I would reply "Well, use your other fucking arm!", were it not for an awful experience in my taching days when I sent a girl to collect a film - Large reel-reel spools in those days.
"But I've got my bag to carry", she said.
"You've got two arms," I said in a schoolmaterish way, I now abhor.
"No, I don't," she said.
She was a cello player and fantastic actress - and I hadn't ever noticed!
Oh dear. That reminds me of the time I was visiting a friend, and his assist dog had fetched a can of cola from the fridge, and I was busy doing something, I don't remember what, so this dog is standing there with a cola can in his mouth, and my friend says, "Take the damned cola."
My hands were occupied so I say, "I don't have any hands!"
He just looked at me. See, he didn't either, literally.
You can tell your friendship is comfortable when you can say something like that and both of you can laugh it off.
I've got two functioning arms. The only thing lame about me today is my sense of humor.
Just give it some benedryl and warm milk before bedtime. It'll sleep like the proverbial baby. (not a real baby mind you, I think only proverbial ones actually sleep)

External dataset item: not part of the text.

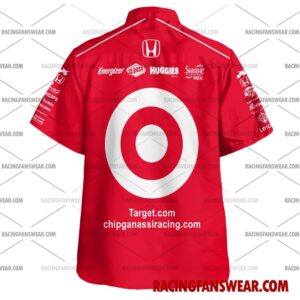 Dario Franchitti IndyCar Racing 2012 Uniform Apparel Clothes Hawaiian Polo Shirts 2 IndyCar store - Loyal fans of Dario Franchitti's Unisex Hawaiian Shirt,Unisex Polo Shirt,Kid Hawaiian Shirt,Kid Polo Shirt:Vintage indycar racing suit,uniform,apparel,shirts,merch,merchandise,jersey,hoodie,jackets,shorts,sweatshirt,outfits,clothes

I'll give that a try. Man, I don't want to know what it'd be doing otherwise. I can just imagine waking up with pinchmarks in the weirdest places. *shudder*
Nice fucking AV Naudiz. Sorry about your fucking arm. My fucking hand has been bothering me. It's my fucking mouse I think. I need a fucking arm brace. My fucking eyes hurt too. Maybe I'm just spending too much fucking time at the computer.